The Author, Rahul Gupta, is Practicing Advocate at the Delhi High Court, New Delhi.

Supreme Court of India has very recently pronounced judgments in the matters (Yashwant Sinha & Others vs CBI on 10.04.2019/ Association for Democratic Reforms vs Union of India on 12.04.2019) wherein the court has laid down that government cannot enjoy immunity and privilege at the cost of public interest.

The Supreme court while upholding “public interest” has pronounced that when any deal/agreement/information pertaining to the government is already in the public domain, even though the source of the said information is under challenge being procured in unauthorized manner and more particularly in violation of the provisions of Official Secrets Act, 1923, still the Court shall decide in favor of disclosure and consideration of any such information and evidence if it finds that “public interest” is put to any jeopardy.
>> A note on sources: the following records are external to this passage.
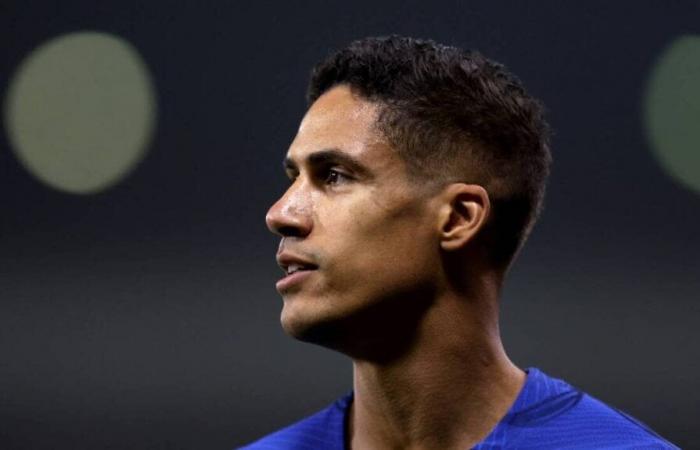 Raphaël Varane. An early retirement that sadly echoes the infernal pace of football…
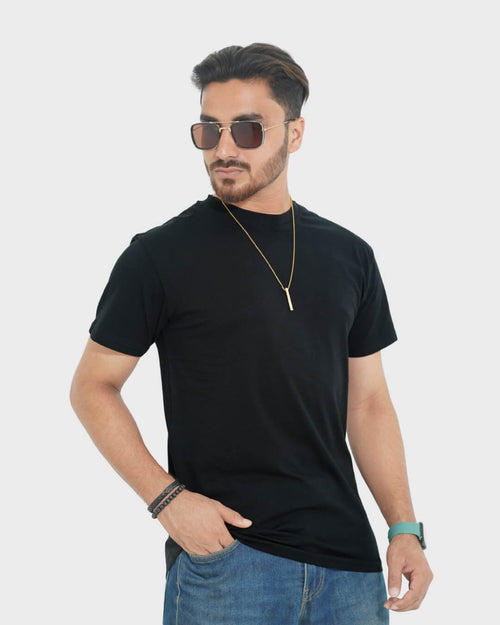Classic Crew Tee - Black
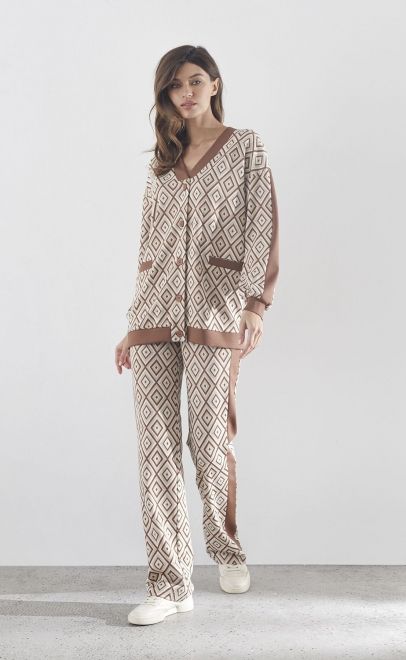 Кардиган женский коричневый (30498-1) фото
On this issue the Bench observed,

Insofar as the claim of privilege is concerned, on the very face of it, Section 123 of the Indian Evidence Act, 1872 relates to unpublished public records. As already noticed, the three documents have been published in different editions of ‘The Hindu’ newspaper. That apart, as held in S.P. Gupta vs. Union of India, AIR 1982 SC, 149 a claim of immunity against disclosure under Section 123 of the Indian Evidence Act has to be essentially adjudged on the touchstone of public interest and to satisfy itself that public interest is not put to jeopardy by requiring disclosure the Court may even inspect the document in question though the said power has to be sparingly exercised. Such an exercise, however, would not be necessary in the present case as the document(s) being in public domain and within the reach and knowledge of the entire citizenry, a practical and common sense approach would lead to the obvious conclusion that it would be a meaningless and an exercise in utter futility for the Court to refrain from reading and considering the said document or from shutting out its evidentiary worth and value. As the claim of immunity under Section 123 of the Indian Evidence Act is plainly not tenable, we do not consider it necessary to delve into the matter any further. 

The ultimate test of admissibility of the evidence lies in its relevancy unless there is any express or necessarily implied prohibition in the Constitution or any other law that evidence obtained as a result of illegal search or seizure is liable to be shut out.

Supreme Court has upheld the issue of freedom of press and right of publication to be in consonance with the fundamental rights of freedom of speech and expression guaranteed under Constitution of India and in this regard placed reliance upon the US Supreme Court Judgment in “New York Times Company vs United States” wherein Marshall, J declined to recognize the right of the Government to seek any restraint order on publication of certain papers titled “Pentagon Papers” on the ground that the first amendment to the US Constitution guaranteed freedom of press and did not contemplate any restriction on publication of items or materials specified in the Code.

The Court has rightly held that the claim of privilege under Section 123 of Indian Evidence Act, 1872 relates to unpublished public records and that apart, the claim of immunity against disclosure has to be essentially adjudged on the touchstone of “public interest”.